# Brompton bottom bracket replacement



## simon.r (25 Jul 2017)

i've just got around to removing and greasing the BB on my few hundred miles old Brompton. It's a FAG with plastic cups - the fixed cup side of which I've sheared off the outer portion:







This doesn't affect the function, but I suspect it will be a hacksaw and hammer job to remove the remains of the cup when the time comes. 

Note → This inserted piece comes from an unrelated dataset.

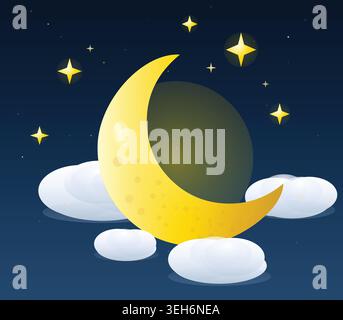 Whimsical yellow crescent moon floating among soft white clouds in a dark blue night sky illuminated by sparkling golden stars. Stock Vector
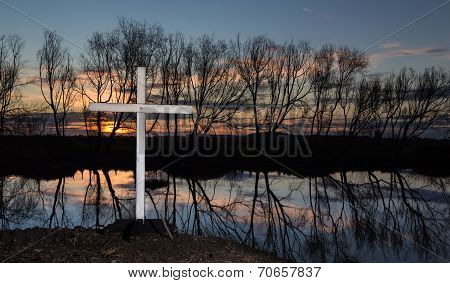 Sunset Winter Cross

I believe it's a 68 x 119mm JIS taper. 

Any recommendations for a replacement - something with aluminium cups would be nice!


----------



## simon.r (25 Jul 2017)

Ah, just found this old thread:

https://www.cyclechat.net/threads/w...m-bracket-on-a-new-ish-brompton.207170/page-2

Looks like a good old Shimano UN55 is the answer. Unless anyone knows better?


----------



## GrumpyGregry (25 Jul 2017)

I was about to post "Ask Adrian"


----------



## Kell (25 Jul 2017)

I stuck a UN55 in mine. 

Couldn't for the life of me tell you the dimensions off hand though.


----------



## Kell (25 Jul 2017)

And I've just realised that the link in this thread was to my thread back when I did it...


----------



## Kell (25 Jul 2017)

And I've just realised that the link in this thread was to my thread back when I did it...


----------



## Kell (25 Jul 2017)

And I've just realised that the link in this thread was to my thread back when I did it...


----------



## chriscross1966 (26 Jul 2017)

I favour going through the rather long-winded process to get external cups on, I've got a Shimano Alfine on one of my Bromptons, Campag ultrartorque on two of the others and the new one is getting a Chris King 24 to take an FSA crank...


----------



## Cadzow (5 Aug 2017)

A UN55 should fit but it needs to be longer than an 118 length BB. A JIS crank on an ISO spindle will go too far onto the spindle so it is best to add on about 4 mm to the spindle length. I've ordered a 122.5 UN55 BB and that should fit okay.


----------



## simon.r (6 Aug 2017)

Cadzow said:


> A UN55 should fit but it needs to be longer than an 118 length BB. A JIS crank on an ISO spindle will go too far onto the spindle so it is best to add on about 4 mm to the spindle length. I've ordered a 122.5 UN55 BB and that should fit okay.



The 118mm UN55 fits fine, no problem with the standard cranks.


----------